**Exercise instructions:**
Leave out the images; return the rest of the data exactly.

**Given information:**
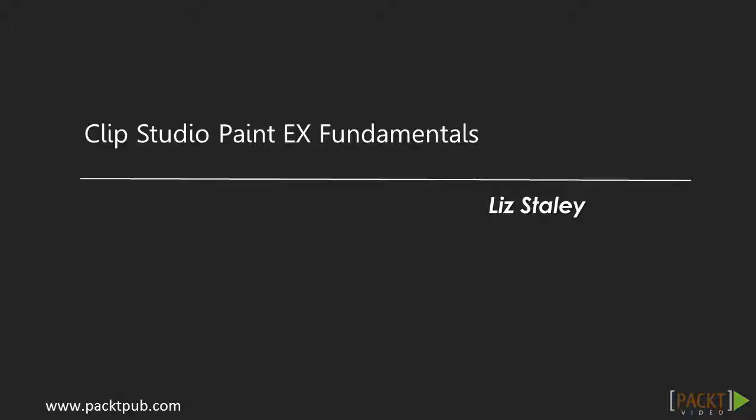Welcome to the Clip Studio Paint EX Fundamentals video course by Pact Publishing. My name is Liz Staley and I've been using Clip Studio Paint for about five years now, back when it was called Manga Studio 4. Clip Studio is my absolute favorite software to draw with and I recommend it to every digital artist I know.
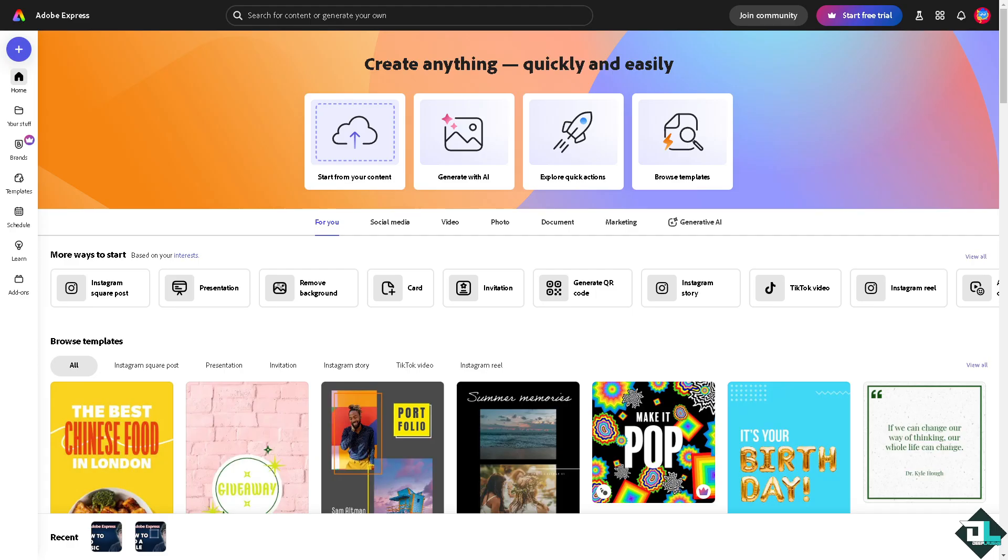Adding text here in Adobe Express is a simple process but is a powerful way to enhance your designs and communicate your message effectively. So once you are logged into your account, I want you to hover to the project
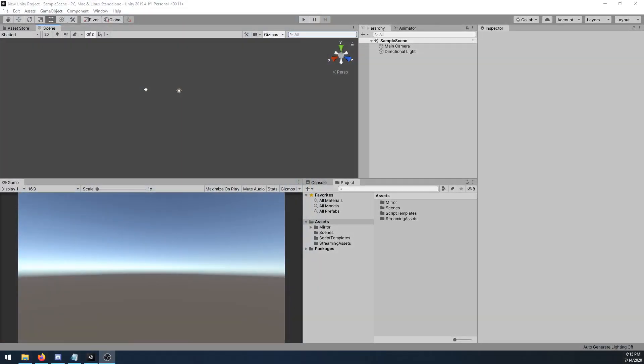In this video we'll be setting up MIRROR in an empty project. Before going any further, please be sure to check the description for any new or updated information.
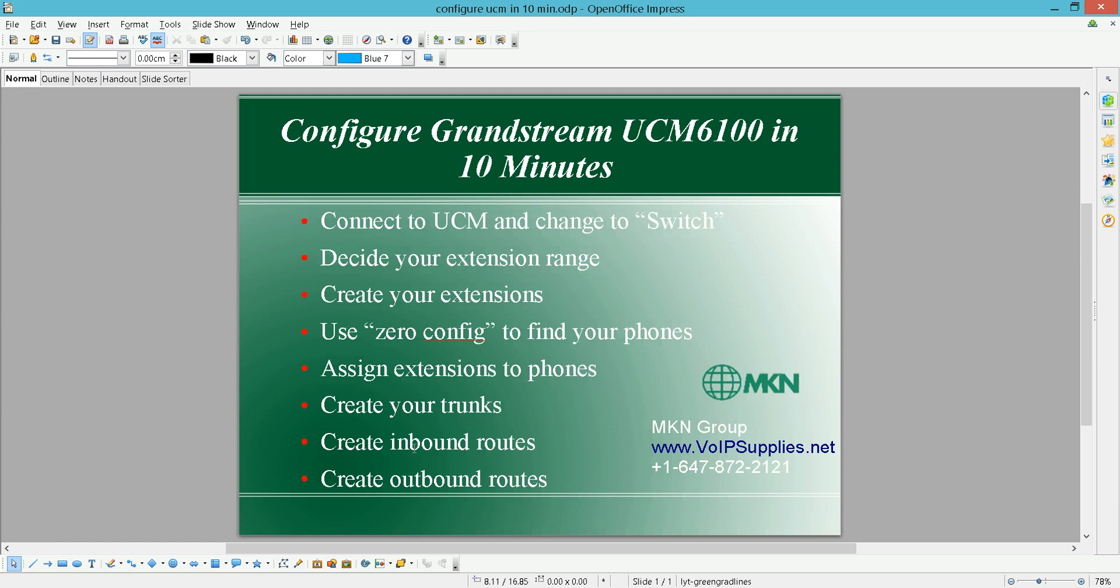And the most important thing: create your inbound and outbound routes. Again, this is Bashar from MKN group. There will be other videos for advanced options and using IVRs and ring groups. Thank you very much.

**Exercise solution:**
Welcome to the Clip Studio Paint EX Fundamentals video course by Pact Publishing. My name is Liz Staley and I've been using Clip Studio Paint for about five years now, back when it was called Manga Studio 4. Clip Studio is my absolute favorite software to draw with and I recommend it to every digital artist I know.
Adding text here in Adobe Express is a simple process but is a powerful way to enhance your designs and communicate your message effectively. So once you are logged into your account, I want you to hover to the project
In this video we'll be setting up MIRROR in an empty project. Before going any further, please be sure to check the description for any new or updated information.
And the most important thing: create your inbound and outbound routes. Again, this is Bashar from MKN group. There will be other videos for advanced options and using IVRs and ring groups. Thank you very much.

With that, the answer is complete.